Others in the shelter are mentally ill or retarded, Chappelle said. Still
others have been evicted recently from subsidized or market-rate
apartments. Many have bad credit ratings, few have lived independently, and
all have average annual incomes of $8,000 or less.

"This is a tough job, given the short amount of time and the kinds of
families we're dealing with," Chappelle said.

This problem, according to a lawyer who works with residents of D.C.
Village and with other homeless families, is a legacy of dramatic cutbacks
in recent years in the number of emergency shelter units.

"There are homeless families in D.C. 365 days a year that need emergency
assistance and shelter, and the District does not acknowledge that," said
Sczerina Perot, a staff attorney at the Washington Legal Clinic for the
Homeless.

Five years ago, the District had 495 apartments exclusively to shelter
families in emergency situations. Now only 146 are available for emergency
shelter. Another 334 apartments are used for transitional and permanent
housing.

The District no longer offers emergency rental assistance, and its budget
for emergency shelter has dropped to $11.3 million from more than $21
million in fiscal 1994. The city also receives nearly $10 million in
federal grants for transitional or permanent hoursing.

The oversubscribed public housing system does not give priority to homeless
families, and federally subsidized housing is scarce. In addition, the hot
real estate market in the District has driven up rents.

"It is taking longer to move families out of transitional programs into
permanent housing," said Michael Ferrell, executive director of the D.C.
Coalition for the Homeless, which is under contract to the Community
Partnership to run a 28-unit apartment complex as emergency shelter for
families. "We don't have as many resources available to us."

On March 22, the 23 families remaining at D.C. Village woke up to find a
note that had been slipped under their bedroom doors: "The shelter will be
closing on March 31st. You need to pack your belongings and prepare to move
on March 30th or March 31st."

Some residents burst into tears at the shelter's front counter, which had
been the nurses station in the old nursing home. Others had angry exchanges
with case managers and staff members. Clyde Copeland, a single father with
three children, went to court, submitting a petition asking a judge to stop
the city from closing the shelter.

He also asked the court to stop the shelter from contacting child
protective services, which could remove children from parents who cannot
find temporary or transitional housing, and to require that city officials
provide "the necessary housing assistance to obtain adequate housing they
can afford for their families."

Sue Marshall, executive director of the Community Partnership, denied that
D.C. Village or any of the programs run by the nonprofit organization tries
to separate families "in order for them to be housed."

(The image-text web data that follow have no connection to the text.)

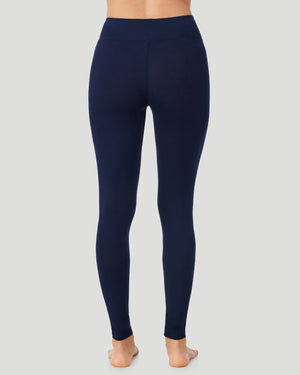 A lady wearing Softwear With Stretch High Waist Legging in navy blazer in a back view pose  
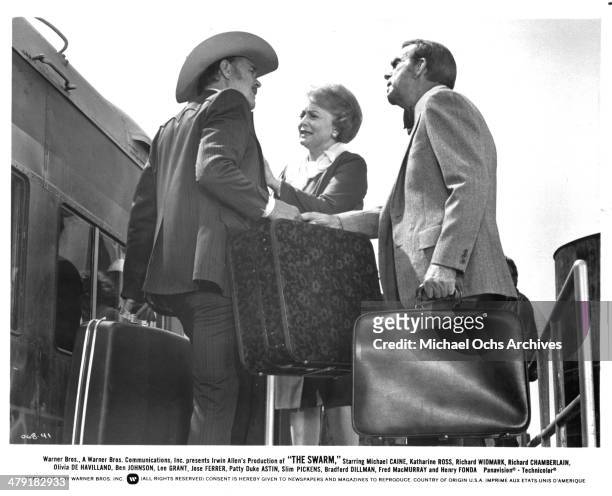 Actress Olivia de Havilland and actor Fred MacMurray in a scene from the Warner Bros. Movie "The Swarm" circa 1978.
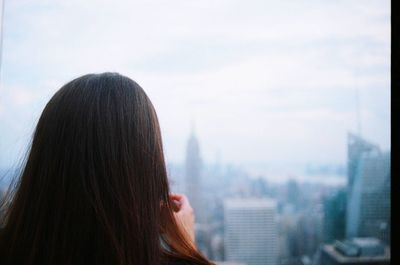 Rear view of woman looking at cityscape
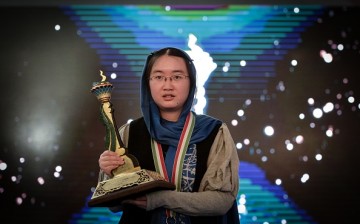 Chinese chess player Tan Zhongyi holds her trophy after she won the Women's World Chess Championship 2017.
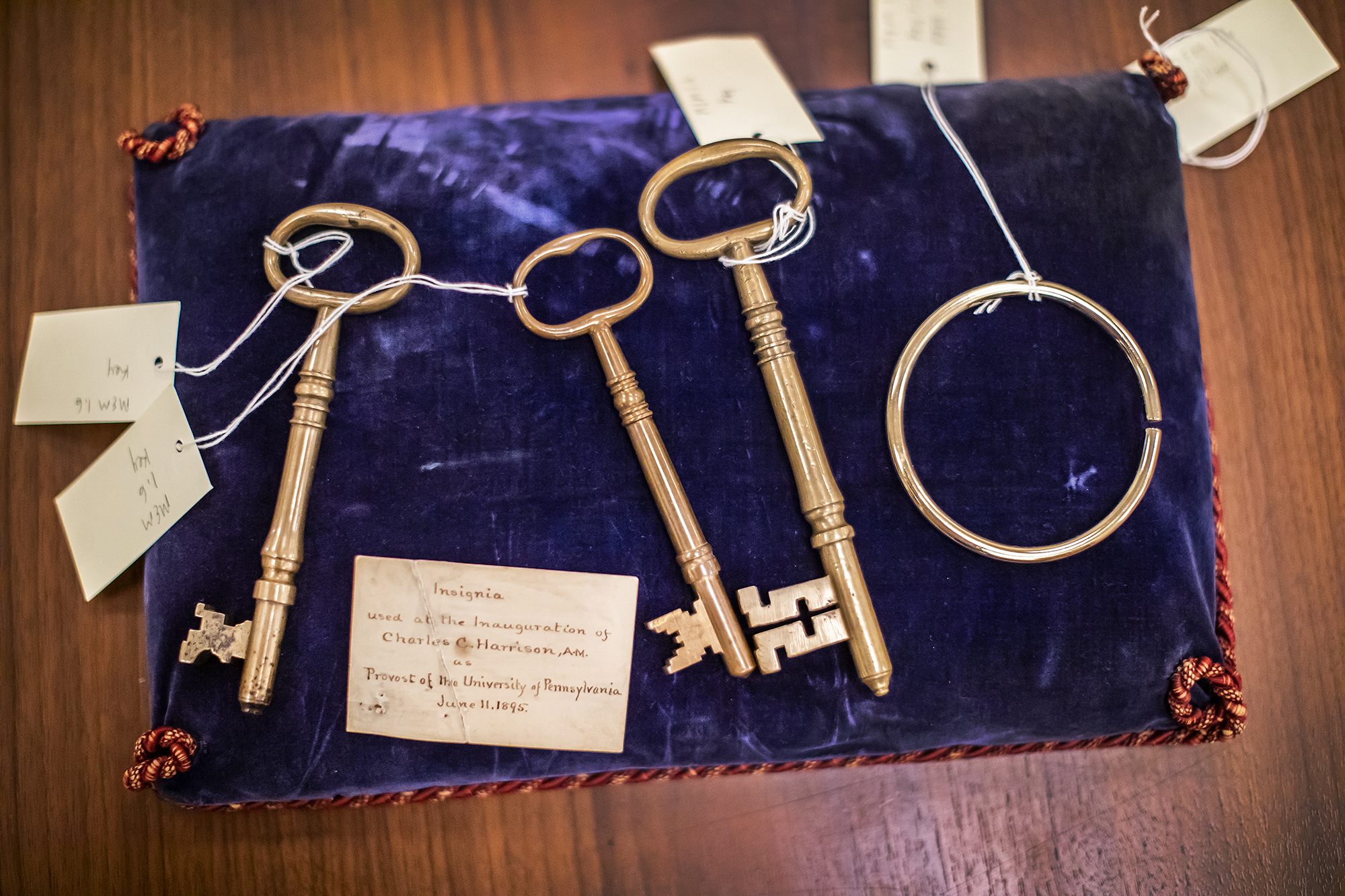Historical keys used in Penn president inaugurations on a velvet bag on a table.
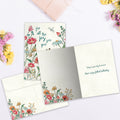 Load image into Gallery viewer, The inside of Tree-Free’s Joy You Give card, with the cover and envelope in the background.
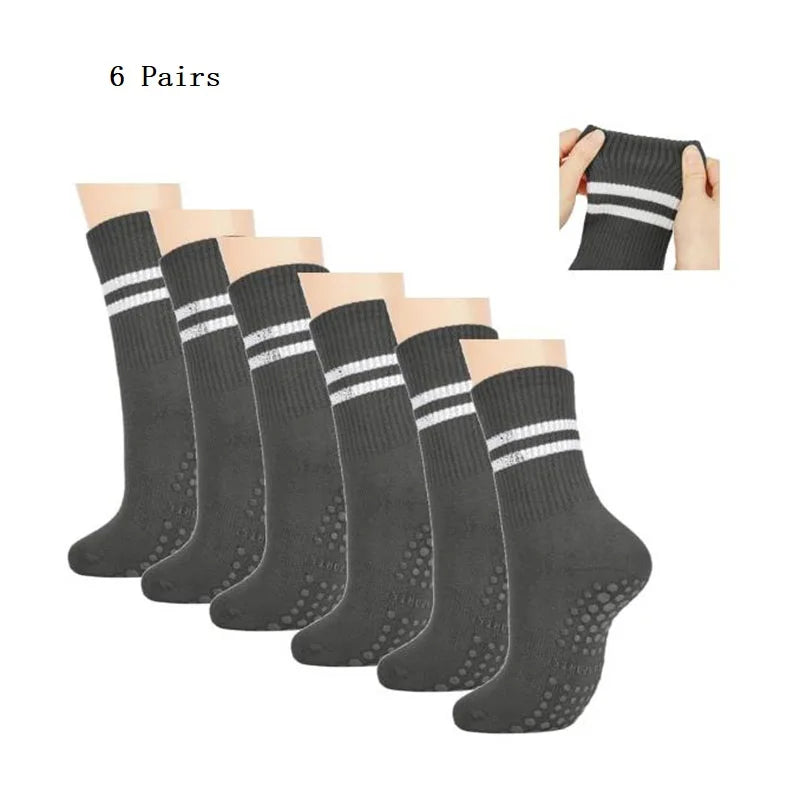 Six pairs of grey grip socks for yoga and barre exercises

"We only call child protective services when there are legitimate issues of
child neglect and abuse," she said.

But regarding Copeland's point that the closing of the winter shelter
should be delayed, Marshall said: "We absolutely concurred.

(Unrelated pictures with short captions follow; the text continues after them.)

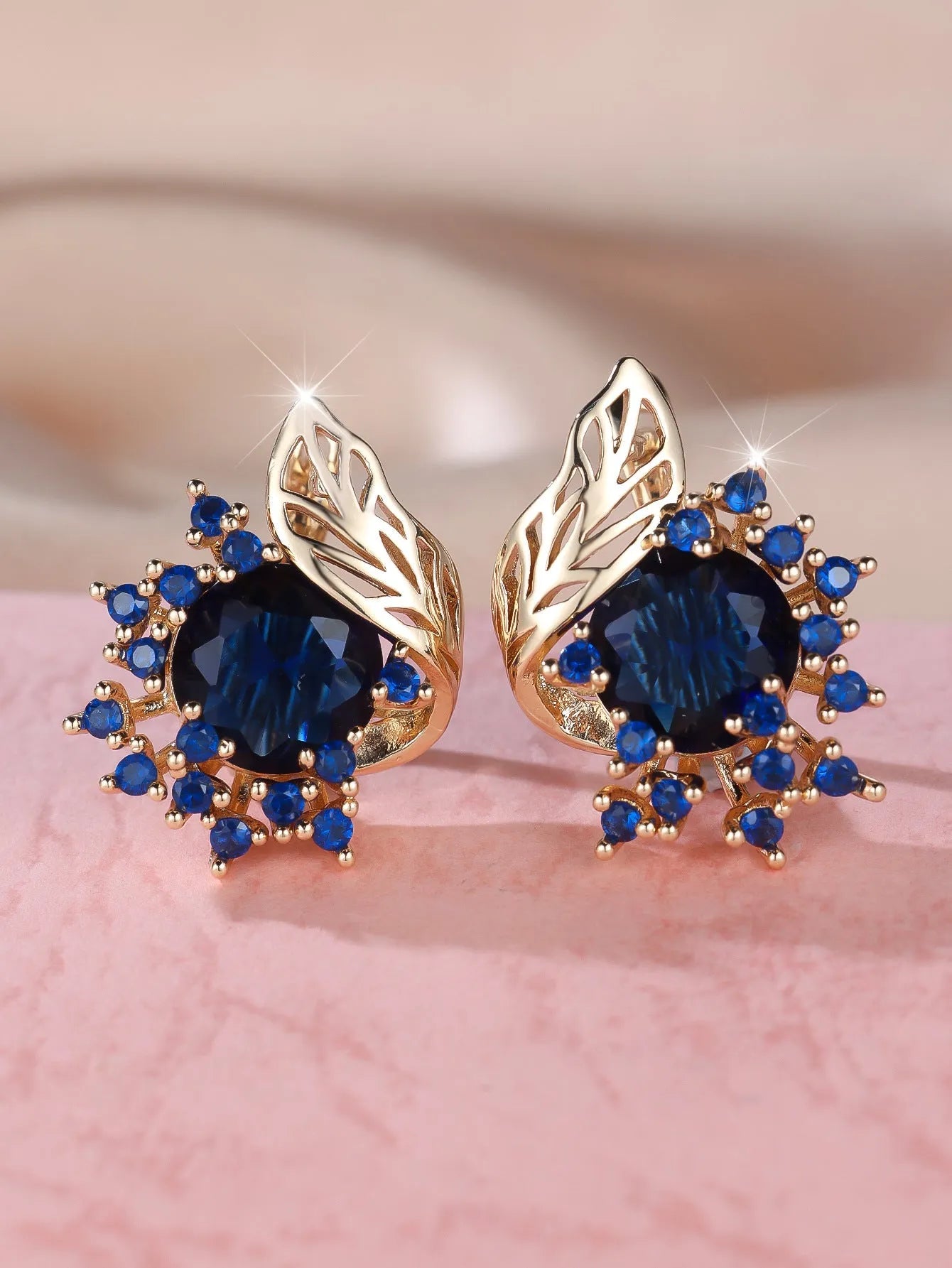 Round flower feather zircon earrings with champagne gold finish and coloured stone centre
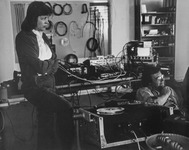 Artists in a studio, Steina and Woody Vasulka in front of media equipment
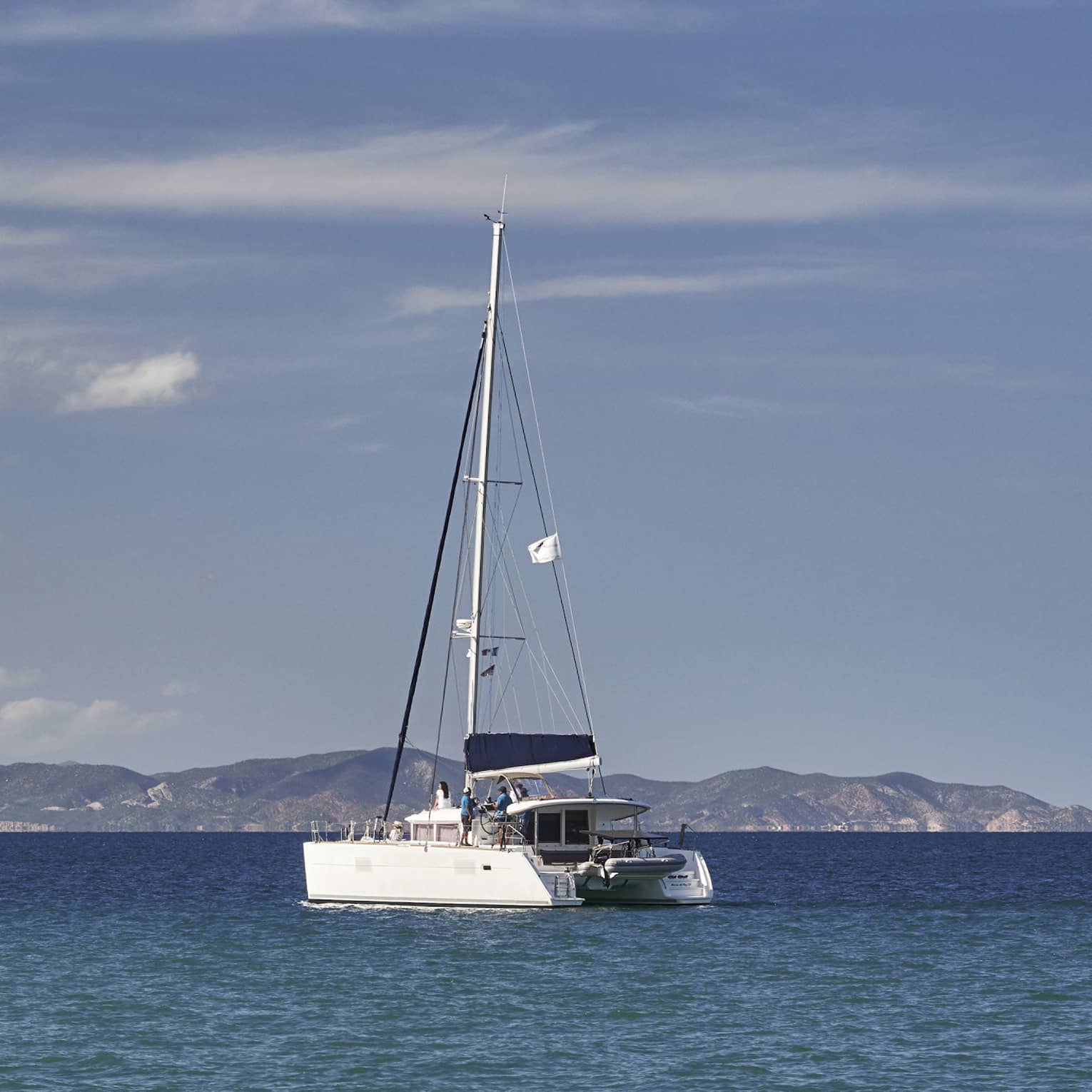 A boat sailing on the ocean with mountains in the distance.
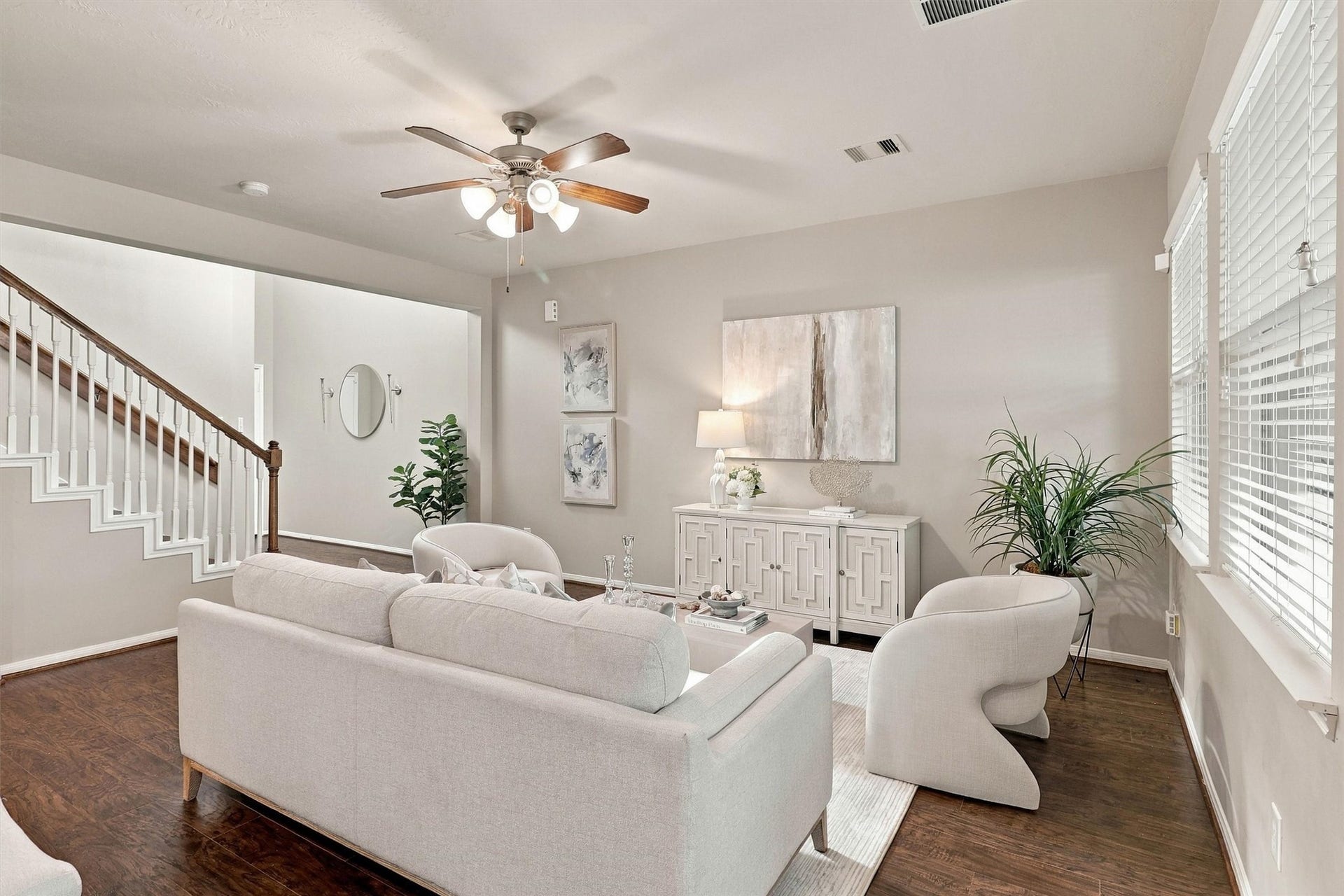 8323 Lamond Lane, Houston, TX 77095 The living room features upgraded Sherwin Williams paint, wood laminate floors in a rich walnut color, crisp white trim, ceiling fan, and windows that let natural light flow through. There is plenty of space to set up your couch and occasional chairs. The room is wired for cable and internet so that you can set up your media console on the longest wall.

"Never in the years we've done this program have we shut down" on March 31,
she said. "We're in the business of preventing, not causing, homelessness."

At a court hearing Wednesday, Copeland agreed to drop his request once
officials agreed to keep the shelter open until April 30.

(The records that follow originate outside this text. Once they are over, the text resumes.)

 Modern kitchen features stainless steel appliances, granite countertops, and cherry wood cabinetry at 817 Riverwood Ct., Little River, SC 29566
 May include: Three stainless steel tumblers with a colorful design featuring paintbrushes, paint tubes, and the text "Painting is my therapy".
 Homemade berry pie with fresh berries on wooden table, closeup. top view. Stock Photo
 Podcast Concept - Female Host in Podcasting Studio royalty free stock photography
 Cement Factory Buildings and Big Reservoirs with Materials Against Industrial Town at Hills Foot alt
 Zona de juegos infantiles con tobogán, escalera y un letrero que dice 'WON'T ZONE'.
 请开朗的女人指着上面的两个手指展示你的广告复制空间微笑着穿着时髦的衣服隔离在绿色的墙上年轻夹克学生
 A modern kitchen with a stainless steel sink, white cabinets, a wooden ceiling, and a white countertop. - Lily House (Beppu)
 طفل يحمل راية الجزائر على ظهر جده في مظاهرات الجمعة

Back at D.C. Village, the Salters are doing what they can to start anew.
The parents have gone to a job training session. Jeree is enrolled in
fourth grade. Charles Jr. will soon enter a subsidized day-care center.

They are waiting for their first D.C. welfare payment. That $463 check will
cover the security deposit on a one-bedroom apartment and leave them $14.

Where they will find the first month's rent, they still do not know.